Après chaque atelier, un livret de restitution a été préparé par l’équipe projet et soumis à la lecture des participants et à la validation du comité de pilotage. Quatre livrets ont donc été élaborés. Ils sont accessibles sur le site internet de la DREAL Languedoc-Roussillon (http://www.occitanie.developpement-durable.gouv.fr/prospective-r1072.html).

Bilan et perspectives de la démarche : un plan d'action ambitieux

Cette initiative a suscité des dynamiques, et une volonté de concrétisation de une voire plusieurs propositions relatives à cette démarche prospective participative.

Dans un premier temps, il s’en suivra en 2012 une étude financée par la Délégation interministérielle à l'aménagement du territoire et à l'attractivité régionale (DATAR)  et pilotée par le Secrétariat général pour les affaires régionales, le sous-préfet Littoral et la DREAL Languedoc-Roussillon. Celle-ci portera sur des recommandations et/ou orientations opérationnelles à mettre en œuvre afin d'améliorer les modalités de gestion du littoral Languedoc-Roussillon dans le cadre des mesures contractuelles européennes des programmes opérationnels FEDER (Fonds européen de développement économique régional), FEADER (Fonds européen agricole pour le développement rural), FSE (Fonds social européen), FEAMP (Fonds européen pour les affaires maritimes et la pêche)... et du Contrat de plan État-Région (CPER) 2014-2020.

Dans le même temps, un projet de recherche-action « Quelles solidarités territoriales et quelles stratégies pour la résilience du littoral à la submersion marine ? » a été lancé en 2013. Ce programme de recherche-action a été financé par le ministère chargé de l'écologie et du développement durable dans le cadre du programme scientifique LITEAU.

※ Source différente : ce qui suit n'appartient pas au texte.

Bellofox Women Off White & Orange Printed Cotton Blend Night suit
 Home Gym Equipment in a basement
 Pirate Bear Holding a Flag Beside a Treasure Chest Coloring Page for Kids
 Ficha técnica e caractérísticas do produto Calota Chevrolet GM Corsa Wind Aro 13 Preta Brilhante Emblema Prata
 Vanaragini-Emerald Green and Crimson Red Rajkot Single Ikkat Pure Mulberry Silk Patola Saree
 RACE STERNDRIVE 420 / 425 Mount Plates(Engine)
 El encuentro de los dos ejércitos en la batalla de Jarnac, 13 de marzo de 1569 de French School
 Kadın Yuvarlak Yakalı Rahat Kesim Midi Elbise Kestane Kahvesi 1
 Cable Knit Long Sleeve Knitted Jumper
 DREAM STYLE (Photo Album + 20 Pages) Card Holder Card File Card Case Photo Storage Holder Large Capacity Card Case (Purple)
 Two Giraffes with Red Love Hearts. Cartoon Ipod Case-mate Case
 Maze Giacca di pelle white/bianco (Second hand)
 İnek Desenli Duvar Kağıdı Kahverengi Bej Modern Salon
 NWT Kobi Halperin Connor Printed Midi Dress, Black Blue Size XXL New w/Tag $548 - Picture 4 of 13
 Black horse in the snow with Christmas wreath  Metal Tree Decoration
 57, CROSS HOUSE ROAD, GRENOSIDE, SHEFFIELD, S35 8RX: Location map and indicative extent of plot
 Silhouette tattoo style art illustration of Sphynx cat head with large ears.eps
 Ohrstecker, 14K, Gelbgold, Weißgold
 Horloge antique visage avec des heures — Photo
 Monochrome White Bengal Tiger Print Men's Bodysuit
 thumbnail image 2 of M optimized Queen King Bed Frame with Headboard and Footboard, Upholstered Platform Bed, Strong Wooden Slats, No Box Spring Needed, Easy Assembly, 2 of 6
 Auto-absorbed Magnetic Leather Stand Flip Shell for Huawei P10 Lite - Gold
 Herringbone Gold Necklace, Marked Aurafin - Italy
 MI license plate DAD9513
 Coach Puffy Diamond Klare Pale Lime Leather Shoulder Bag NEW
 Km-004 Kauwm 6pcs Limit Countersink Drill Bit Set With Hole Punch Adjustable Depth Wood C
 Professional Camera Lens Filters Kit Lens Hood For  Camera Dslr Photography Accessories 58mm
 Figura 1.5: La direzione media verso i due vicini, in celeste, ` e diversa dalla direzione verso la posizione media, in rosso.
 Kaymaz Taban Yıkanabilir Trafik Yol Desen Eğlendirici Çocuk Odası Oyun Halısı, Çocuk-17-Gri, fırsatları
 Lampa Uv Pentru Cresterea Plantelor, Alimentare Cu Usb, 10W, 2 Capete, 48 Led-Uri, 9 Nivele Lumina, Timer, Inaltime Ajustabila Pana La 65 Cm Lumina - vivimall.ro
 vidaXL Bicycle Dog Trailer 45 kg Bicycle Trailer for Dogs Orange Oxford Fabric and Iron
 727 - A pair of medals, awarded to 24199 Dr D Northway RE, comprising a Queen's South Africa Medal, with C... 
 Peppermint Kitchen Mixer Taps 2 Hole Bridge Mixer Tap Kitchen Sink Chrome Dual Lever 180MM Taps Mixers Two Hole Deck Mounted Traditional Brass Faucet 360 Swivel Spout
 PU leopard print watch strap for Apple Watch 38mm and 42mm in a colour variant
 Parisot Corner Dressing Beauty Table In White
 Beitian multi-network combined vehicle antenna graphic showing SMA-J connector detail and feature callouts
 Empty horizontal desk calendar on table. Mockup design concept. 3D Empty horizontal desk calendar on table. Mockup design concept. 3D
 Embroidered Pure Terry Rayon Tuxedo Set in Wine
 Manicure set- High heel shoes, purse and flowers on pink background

Cet exercice de prospective a contribué à formuler une réponse opérationnelle aux besoins locaux exprimés lors de la démarche prospective. Comme nous l’avons vu précédemment, les acteurs du littoral, engagés de 2010 à 2012 dans la démarche prospective « Quel littoral pour le Languedoc-Roussillon de 2010 à 2050 ? » ont dessiné cinq grands scénarios décrivant des futurs possibles. Pour passer des scénarios à cette phase opérationnelle, la démarche a d’abord consisté à distinguer les scénarios souhaitables et non souhaitables, puis à identifier les enjeux à maîtriser afin d’éviter de basculer vers des scénarios non souhaitables.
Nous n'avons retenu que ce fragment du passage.